Disampaikannya, pemerintah daerah sudah membiayai program kesetaraan melalui dana APBD 100 persen. Hal ini bertujuan untuk meningkatkan IPM dan memberikan kesempatan kepada masyarakat dari kalangan bawah untuk bisa bersaing didunia industri ataupun profesional.
“Pembiayaannya semua gratis , asal usianya masih masuk usia reguler. Jadi batas usianya maksimal 21 tahun, yang diatas 21 tahun tetap bayar normal sesuai kebutuhan PKBM,” paparnya.
Dikatakannya, banyak hal yang lebih menarik dan menguntungkan dari pendidikan non formal. Baik dari cara belajar, metode dan ujian.
“Pendidikan kesetaraan atau pendidikan non formal memang berbeda dengan pendidikan pormal. Akan tetapi, banyak keuntungan lebih yang didapatkan dibandingkan dengan pendidikan formal,” katanya, Jumat (19/7).
Dimana keuntungan yang diperoleh adalah, pendidikan non formal biaya pendidikanya gratis, ada proses peningkatan skil individu, dan ada juga tatap muka melalui daring ataupun langsung.
“Sekarang dapodik pendidikan non formal sama dengan yang formal. Bedanya cuman dicara mengajar. Kalau yang formal setiap hari membahas materi sedikit praktek, kalau yang non formal 3 hari materi 3 hari peningkatan skil,” tuturnya.
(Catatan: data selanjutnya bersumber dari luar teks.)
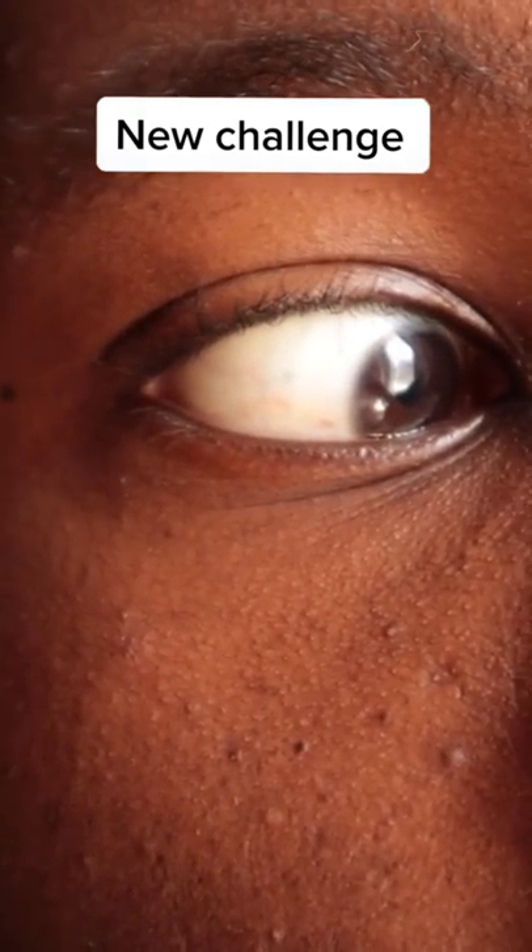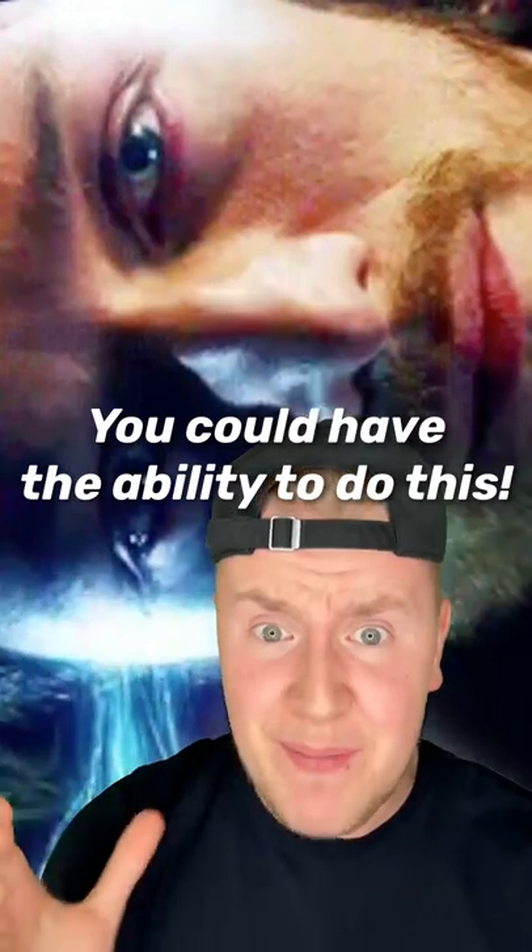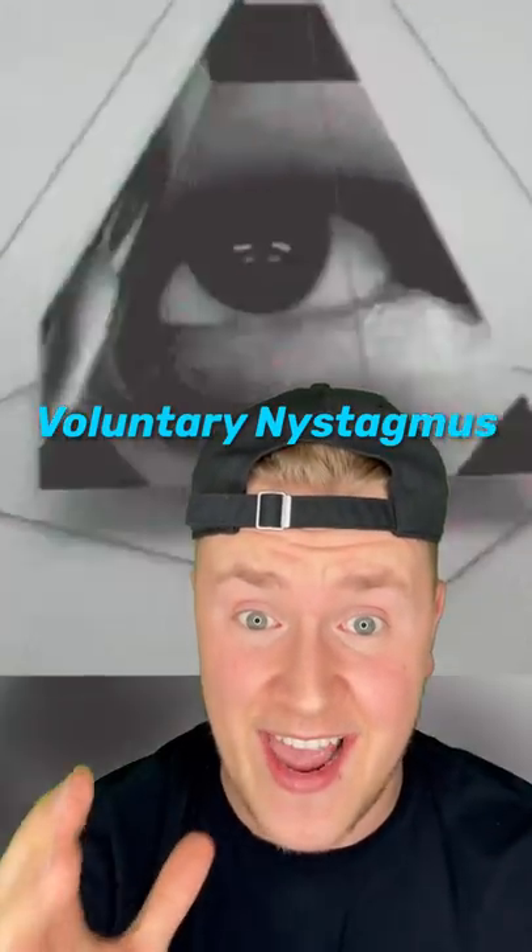3, 2, 1. You could have the ability to do this — about 8% of people can't. This skill is called voluntary nystagmus.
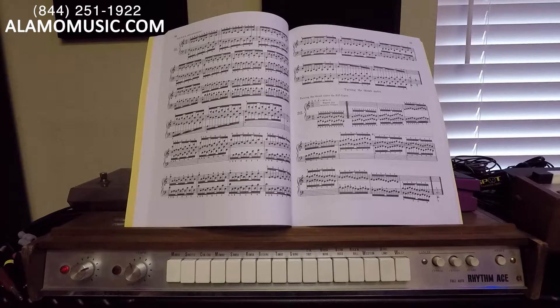Here we go with the march, then next is the shuffle, then the cha-cha, then we have the mambo — that sounds like fun — and then samba, then the rumba, and then of course we can do the begin-the-beguine.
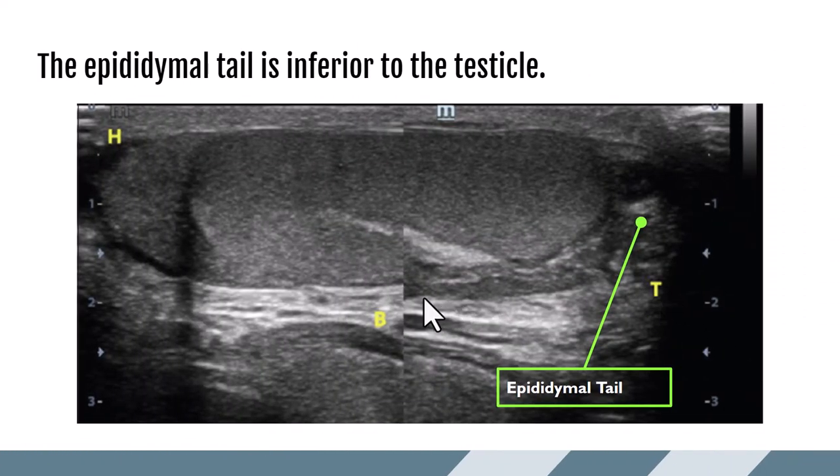Continuing on with the epididymis, we can see the epididymal body coming down into the tail, which sits at the inferior pole of the testicle. Sometimes the tail is very prominent, especially with infection, and sometimes not quite as prominent.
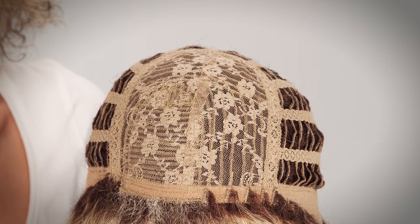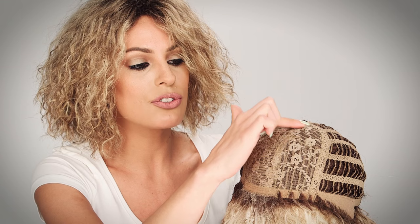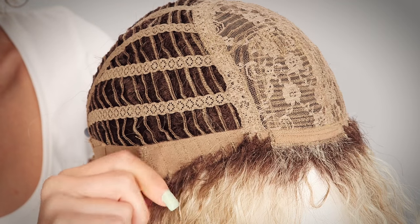The front of the cap is lined with velvet to keep it comfortable and secure. The closed sections at the top of the crown allow for extra security of the base and extra volume. The ear tabs are also lined with velvet. They do go up and down, and you want to make sure that they're lying flat to conceal your own hair and hairline.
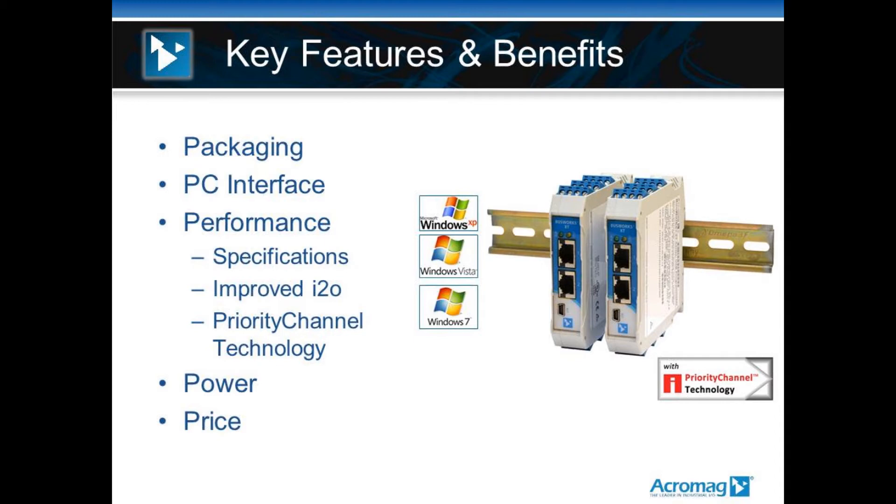The product line supports 12-volt power for solar applications, and it has bus power down at the rail for customers who are concerned about redundant power in an application. They can land power down at the bus and on the module. If they lose one power source, the other power source will kick in automatically. If they lose the higher power source, the lower power source will automatically take over. The packaging has redundant bus power down at the rail.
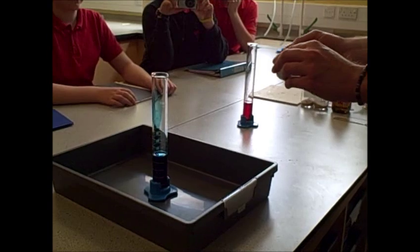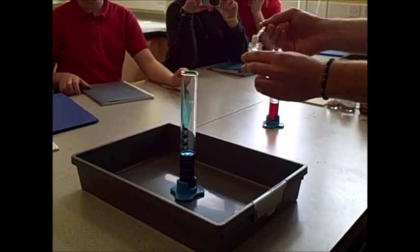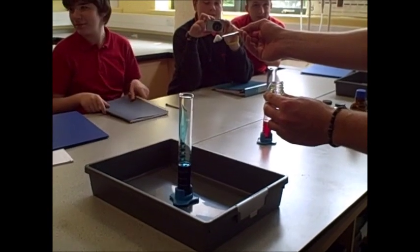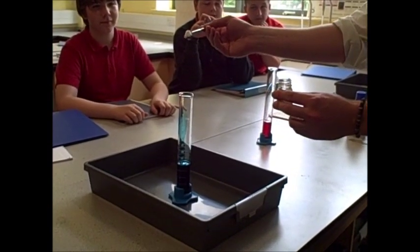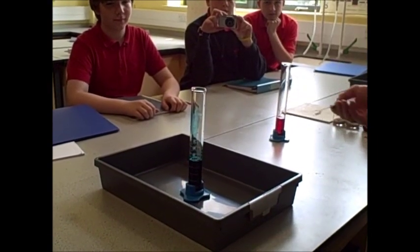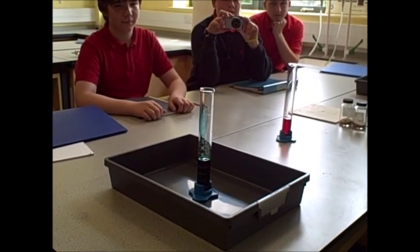This stuff is called potassium iodide. We've used it in solution in that very first experiment we did — the first lesson. It's part of the one which went bright yellow. So if we stick this potassium iodide into here, we'll keep an eye on it.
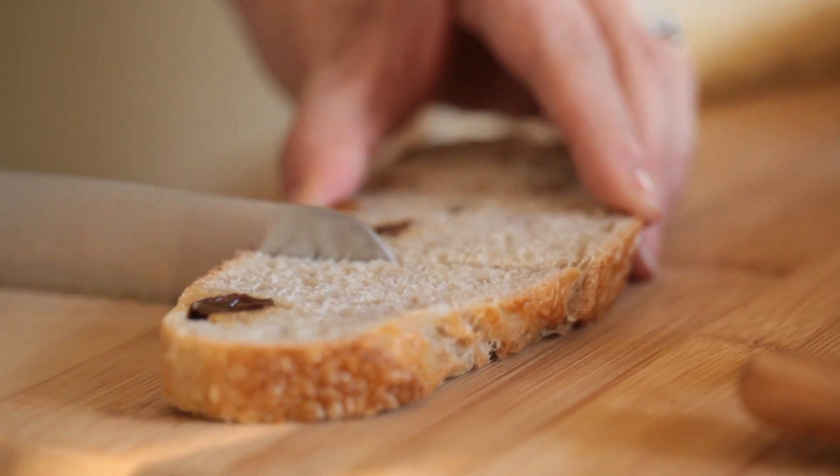They loved it, and it was the ultimate crowd pleaser. So after that, I always served those appetizers at parties. People love it, and it couldn't be easier. Here's how you make it.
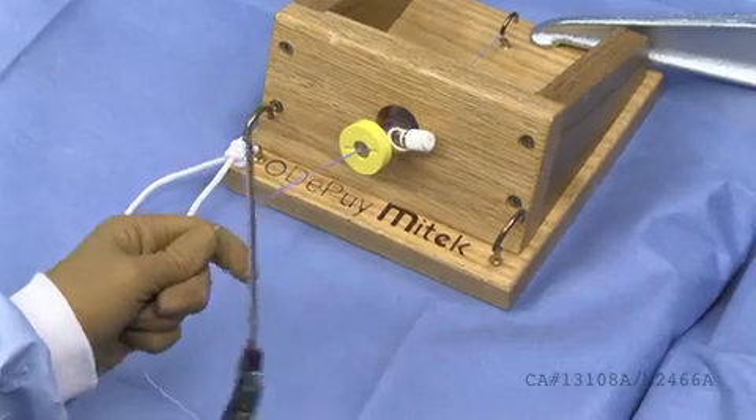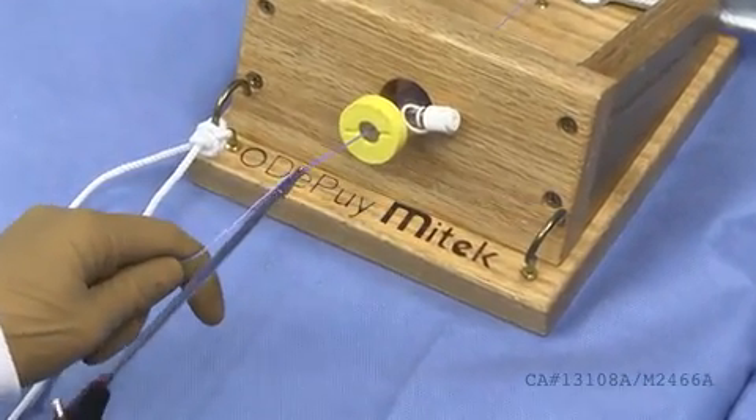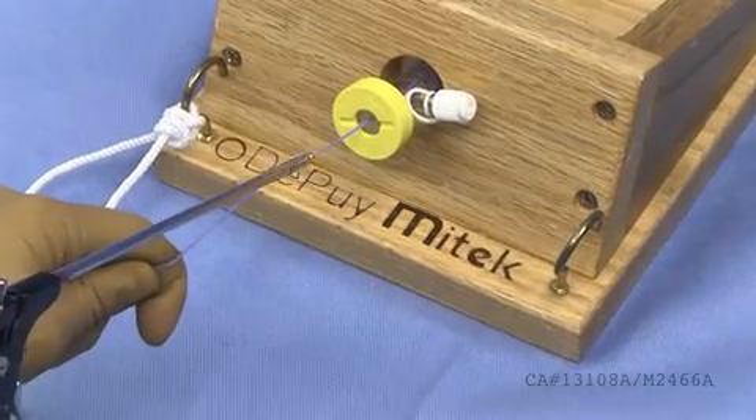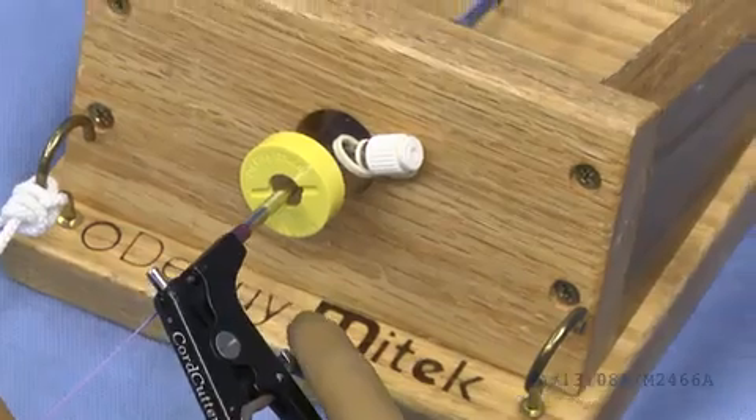Using the cord cutter, place your sutures through the slotted distal end of the cutter, close the jaws of the cutter, zip line down to the knot, and finally pull the trigger to cut the suture above the knot.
Masih disampaikannya, ada 1320 siswa yang sudah terdaftar di Tahuan 2024 untuk mengikuti pendidikan kesetaraan di kabupaten Karawang. Namun angka tersebut masih dikatakan jauh dari data kebutuhan.
“Ada 30 ribu lebih warga Karawang yang tidak bisa melanjutkan pendidikan dan sampai Tahun 2024 sudah lebih dari 10 ribu yang masuk pendidikan kesetaraan. Maka masih 20 ribuan lagi yang harus dikejar,’ terangnya.
Adapun yang menjadi kendala, sambungnya, minimnya kesadaran pentingnya pendidikan dikalangan masyarakat. Terlebih masyarakat dari kalangan bawah, yang memang kepikiran untuk langsung bekerja ketika lulus sekolah SD ataupun SMP.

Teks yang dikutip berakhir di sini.